§ **TASK DIRECTIONS**
Word for word, copy each record that comes after this.

§ **SUPPLIED DATA**
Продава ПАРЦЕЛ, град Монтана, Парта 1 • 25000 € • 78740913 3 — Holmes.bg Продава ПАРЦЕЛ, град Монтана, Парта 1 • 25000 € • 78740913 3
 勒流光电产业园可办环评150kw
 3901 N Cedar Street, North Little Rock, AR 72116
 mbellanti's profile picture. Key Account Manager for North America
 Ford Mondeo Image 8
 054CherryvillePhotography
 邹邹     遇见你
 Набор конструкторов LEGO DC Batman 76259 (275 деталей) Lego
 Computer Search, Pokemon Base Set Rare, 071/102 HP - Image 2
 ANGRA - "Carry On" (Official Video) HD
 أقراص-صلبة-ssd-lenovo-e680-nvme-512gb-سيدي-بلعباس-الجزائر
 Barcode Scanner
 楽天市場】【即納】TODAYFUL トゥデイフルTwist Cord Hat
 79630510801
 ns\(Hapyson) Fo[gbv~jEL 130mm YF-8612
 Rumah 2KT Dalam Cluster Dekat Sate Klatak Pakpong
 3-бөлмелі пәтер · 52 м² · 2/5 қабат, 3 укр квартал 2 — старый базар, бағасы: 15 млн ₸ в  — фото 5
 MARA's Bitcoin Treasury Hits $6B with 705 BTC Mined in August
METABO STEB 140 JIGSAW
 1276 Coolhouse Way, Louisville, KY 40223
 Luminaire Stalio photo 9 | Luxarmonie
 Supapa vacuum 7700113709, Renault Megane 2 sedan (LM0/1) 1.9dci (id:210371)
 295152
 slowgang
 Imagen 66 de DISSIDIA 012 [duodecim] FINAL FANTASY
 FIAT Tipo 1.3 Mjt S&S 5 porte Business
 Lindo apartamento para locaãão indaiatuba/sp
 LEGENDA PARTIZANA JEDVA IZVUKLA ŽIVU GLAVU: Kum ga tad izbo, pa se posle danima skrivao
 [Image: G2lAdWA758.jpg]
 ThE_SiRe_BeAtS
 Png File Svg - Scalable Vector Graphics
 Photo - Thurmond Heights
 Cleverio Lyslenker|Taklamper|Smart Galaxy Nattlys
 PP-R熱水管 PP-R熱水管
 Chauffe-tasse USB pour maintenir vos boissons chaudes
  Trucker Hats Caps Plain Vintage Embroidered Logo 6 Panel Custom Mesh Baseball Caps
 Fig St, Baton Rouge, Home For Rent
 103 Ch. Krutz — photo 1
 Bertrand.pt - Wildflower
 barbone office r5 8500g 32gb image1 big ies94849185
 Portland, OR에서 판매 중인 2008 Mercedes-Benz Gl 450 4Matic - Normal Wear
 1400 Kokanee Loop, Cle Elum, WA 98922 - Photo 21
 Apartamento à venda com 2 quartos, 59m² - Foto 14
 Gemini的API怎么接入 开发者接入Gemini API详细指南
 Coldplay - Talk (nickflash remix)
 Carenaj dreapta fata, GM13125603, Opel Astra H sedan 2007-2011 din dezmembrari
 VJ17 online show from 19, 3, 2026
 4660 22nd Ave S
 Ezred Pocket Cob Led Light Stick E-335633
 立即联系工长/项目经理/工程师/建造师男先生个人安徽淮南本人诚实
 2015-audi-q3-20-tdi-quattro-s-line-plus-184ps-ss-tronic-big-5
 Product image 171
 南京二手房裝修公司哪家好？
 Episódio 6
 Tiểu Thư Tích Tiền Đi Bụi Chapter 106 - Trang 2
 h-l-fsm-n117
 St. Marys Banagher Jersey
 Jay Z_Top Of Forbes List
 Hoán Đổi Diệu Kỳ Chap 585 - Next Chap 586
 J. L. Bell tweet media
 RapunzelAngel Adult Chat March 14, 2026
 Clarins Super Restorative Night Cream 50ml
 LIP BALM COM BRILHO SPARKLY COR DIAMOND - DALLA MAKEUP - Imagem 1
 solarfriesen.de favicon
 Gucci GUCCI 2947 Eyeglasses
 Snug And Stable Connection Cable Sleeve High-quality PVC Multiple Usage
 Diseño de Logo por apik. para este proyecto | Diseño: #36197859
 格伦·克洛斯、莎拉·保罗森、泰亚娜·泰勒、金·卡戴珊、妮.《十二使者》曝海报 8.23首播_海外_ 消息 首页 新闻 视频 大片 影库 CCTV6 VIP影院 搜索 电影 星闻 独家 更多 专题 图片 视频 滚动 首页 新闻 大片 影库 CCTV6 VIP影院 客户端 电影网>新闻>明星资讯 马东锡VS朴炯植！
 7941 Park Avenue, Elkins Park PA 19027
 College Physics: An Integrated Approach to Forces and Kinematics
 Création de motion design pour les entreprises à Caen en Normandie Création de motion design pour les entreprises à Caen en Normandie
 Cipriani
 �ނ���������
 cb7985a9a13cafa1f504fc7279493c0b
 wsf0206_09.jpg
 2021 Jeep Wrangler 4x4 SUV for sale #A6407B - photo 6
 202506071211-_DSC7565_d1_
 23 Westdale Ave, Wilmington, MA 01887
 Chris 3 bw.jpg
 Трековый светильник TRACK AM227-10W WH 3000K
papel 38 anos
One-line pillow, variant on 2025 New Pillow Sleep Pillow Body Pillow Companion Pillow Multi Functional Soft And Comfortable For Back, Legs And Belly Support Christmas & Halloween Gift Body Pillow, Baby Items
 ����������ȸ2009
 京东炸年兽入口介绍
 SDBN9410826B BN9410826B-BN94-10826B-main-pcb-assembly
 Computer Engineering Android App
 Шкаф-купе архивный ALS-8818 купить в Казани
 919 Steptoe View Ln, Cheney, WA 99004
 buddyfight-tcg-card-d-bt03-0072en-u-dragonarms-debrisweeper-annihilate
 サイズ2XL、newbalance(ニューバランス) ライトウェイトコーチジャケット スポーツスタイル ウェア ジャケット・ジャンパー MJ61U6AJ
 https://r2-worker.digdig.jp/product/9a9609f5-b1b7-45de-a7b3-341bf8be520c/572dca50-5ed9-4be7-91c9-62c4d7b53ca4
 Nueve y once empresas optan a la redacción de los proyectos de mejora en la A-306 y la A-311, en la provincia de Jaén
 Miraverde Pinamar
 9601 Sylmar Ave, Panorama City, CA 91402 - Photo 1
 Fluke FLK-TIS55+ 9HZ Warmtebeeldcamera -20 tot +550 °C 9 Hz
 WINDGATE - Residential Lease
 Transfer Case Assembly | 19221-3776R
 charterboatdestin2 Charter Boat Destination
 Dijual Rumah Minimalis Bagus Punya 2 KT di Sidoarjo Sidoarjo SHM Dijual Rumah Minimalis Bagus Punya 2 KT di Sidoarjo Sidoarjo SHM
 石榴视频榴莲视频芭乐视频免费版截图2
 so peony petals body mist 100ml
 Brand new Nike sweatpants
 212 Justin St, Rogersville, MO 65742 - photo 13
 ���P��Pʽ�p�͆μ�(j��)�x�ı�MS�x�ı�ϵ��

§ **REPLY TO THE TASK**
Продава ПАРЦЕЛ, град Монтана, Парта 1 • 25000 € • 78740913 3 — Holmes.bg Продава ПАРЦЕЛ, град Монтана, Парта 1 • 25000 € • 78740913 3
 勒流光电产业园可办环评150kw
 3901 N Cedar Street, North Little Rock, AR 72116
 mbellanti's profile picture. Key Account Manager for North America
 Ford Mondeo Image 8
 054CherryvillePhotography
 邹邹     遇见你
 Набор конструкторов LEGO DC Batman 76259 (275 деталей) Lego
 Computer Search, Pokemon Base Set Rare, 071/102 HP - Image 2
 ANGRA - "Carry On" (Official Video) HD
 أقراص-صلبة-ssd-lenovo-e680-nvme-512gb-سيدي-بلعباس-الجزائر
 Barcode Scanner
 楽天市場】【即納】TODAYFUL トゥデイフルTwist Cord Hat
 79630510801
 ns\(Hapyson) Fo[gbv~jEL 130mm YF-8612
 Rumah 2KT Dalam Cluster Dekat Sate Klatak Pakpong
 3-бөлмелі пәтер · 52 м² · 2/5 қабат, 3 укр квартал 2 — старый базар, бағасы: 15 млн ₸ в  — фото 5
 MARA's Bitcoin Treasury Hits $6B with 705 BTC Mined in August
METABO STEB 140 JIGSAW
 1276 Coolhouse Way, Louisville, KY 40223
 Luminaire Stalio photo 9 | Luxarmonie
 Supapa vacuum 7700113709, Renault Megane 2 sedan (LM0/1) 1.9dci (id:210371)
 295152
 slowgang
 Imagen 66 de DISSIDIA 012 [duodecim] FINAL FANTASY
 FIAT Tipo 1.3 Mjt S&S 5 porte Business
 Lindo apartamento para locaãão indaiatuba/sp
 LEGENDA PARTIZANA JEDVA IZVUKLA ŽIVU GLAVU: Kum ga tad izbo, pa se posle danima skrivao
 [Image: G2lAdWA758.jpg]
 ThE_SiRe_BeAtS
 Png File Svg - Scalable Vector Graphics
 Photo - Thurmond Heights
 Cleverio Lyslenker|Taklamper|Smart Galaxy Nattlys
 PP-R熱水管 PP-R熱水管
 Chauffe-tasse USB pour maintenir vos boissons chaudes
  Trucker Hats Caps Plain Vintage Embroidered Logo 6 Panel Custom Mesh Baseball Caps
 Fig St, Baton Rouge, Home For Rent
 103 Ch. Krutz — photo 1
 Bertrand.pt - Wildflower
 barbone office r5 8500g 32gb image1 big ies94849185
 Portland, OR에서 판매 중인 2008 Mercedes-Benz Gl 450 4Matic - Normal Wear
 1400 Kokanee Loop, Cle Elum, WA 98922 - Photo 21
 Apartamento à venda com 2 quartos, 59m² - Foto 14
 Gemini的API怎么接入 开发者接入Gemini API详细指南
 Coldplay - Talk (nickflash remix)
 Carenaj dreapta fata, GM13125603, Opel Astra H sedan 2007-2011 din dezmembrari
 VJ17 online show from 19, 3, 2026
 4660 22nd Ave S
 Ezred Pocket Cob Led Light Stick E-335633
 立即联系工长/项目经理/工程师/建造师男先生个人安徽淮南本人诚实
 2015-audi-q3-20-tdi-quattro-s-line-plus-184ps-ss-tronic-big-5
 Product image 171
 南京二手房裝修公司哪家好？
 Episódio 6
 Tiểu Thư Tích Tiền Đi Bụi Chapter 106 - Trang 2
 h-l-fsm-n117
 St. Marys Banagher Jersey
 Jay Z_Top Of Forbes List
 Hoán Đổi Diệu Kỳ Chap 585 - Next Chap 586
 J. L. Bell tweet media
 RapunzelAngel Adult Chat March 14, 2026
 Clarins Super Restorative Night Cream 50ml
 LIP BALM COM BRILHO SPARKLY COR DIAMOND - DALLA MAKEUP - Imagem 1
 solarfriesen.de favicon
 Gucci GUCCI 2947 Eyeglasses
 Snug And Stable Connection Cable Sleeve High-quality PVC Multiple Usage
 Diseño de Logo por apik. para este proyecto | Diseño: #36197859
 格伦·克洛斯、莎拉·保罗森、泰亚娜·泰勒、金·卡戴珊、妮.《十二使者》曝海报 8.23首播_海外_ 消息 首页 新闻 视频 大片 影库 CCTV6 VIP影院 搜索 电影 星闻 独家 更多 专题 图片 视频 滚动 首页 新闻 大片 影库 CCTV6 VIP影院 客户端 电影网>新闻>明星资讯 马东锡VS朴炯植！
 7941 Park Avenue, Elkins Park PA 19027
 College Physics: An Integrated Approach to Forces and Kinematics
 Création de motion design pour les entreprises à Caen en Normandie Création de motion design pour les entreprises à Caen en Normandie
 Cipriani
 �ނ���������
 cb7985a9a13cafa1f504fc7279493c0b
 wsf0206_09.jpg
 2021 Jeep Wrangler 4x4 SUV for sale #A6407B - photo 6
 202506071211-_DSC7565_d1_
 23 Westdale Ave, Wilmington, MA 01887
 Chris 3 bw.jpg
 Трековый светильник TRACK AM227-10W WH 3000K
papel 38 anos
One-line pillow, variant on 2025 New Pillow Sleep Pillow Body Pillow Companion Pillow Multi Functional Soft And Comfortable For Back, Legs And Belly Support Christmas & Halloween Gift Body Pillow, Baby Items
 ����������ȸ2009
 京东炸年兽入口介绍
 SDBN9410826B BN9410826B-BN94-10826B-main-pcb-assembly
 Computer Engineering Android App
 Шкаф-купе архивный ALS-8818 купить в Казани
 919 Steptoe View Ln, Cheney, WA 99004
 buddyfight-tcg-card-d-bt03-0072en-u-dragonarms-debrisweeper-annihilate
 サイズ2XL、newbalance(ニューバランス) ライトウェイトコーチジャケット スポーツスタイル ウェア ジャケット・ジャンパー MJ61U6AJ
 https://r2-worker.digdig.jp/product/9a9609f5-b1b7-45de-a7b3-341bf8be520c/572dca50-5ed9-4be7-91c9-62c4d7b53ca4
 Nueve y once empresas optan a la redacción de los proyectos de mejora en la A-306 y la A-311, en la provincia de Jaén
 Miraverde Pinamar
 9601 Sylmar Ave, Panorama City, CA 91402 - Photo 1
 Fluke FLK-TIS55+ 9HZ Warmtebeeldcamera -20 tot +550 °C 9 Hz
 WINDGATE - Residential Lease
 Transfer Case Assembly | 19221-3776R
 charterboatdestin2 Charter Boat Destination
 Dijual Rumah Minimalis Bagus Punya 2 KT di Sidoarjo Sidoarjo SHM Dijual Rumah Minimalis Bagus Punya 2 KT di Sidoarjo Sidoarjo SHM
 石榴视频榴莲视频芭乐视频免费版截图2
 so peony petals body mist 100ml
 Brand new Nike sweatpants
 212 Justin St, Rogersville, MO 65742 - photo 13
 ���P��Pʽ�p�͆μ�(j��)�x�ı�MS�x�ı�ϵ��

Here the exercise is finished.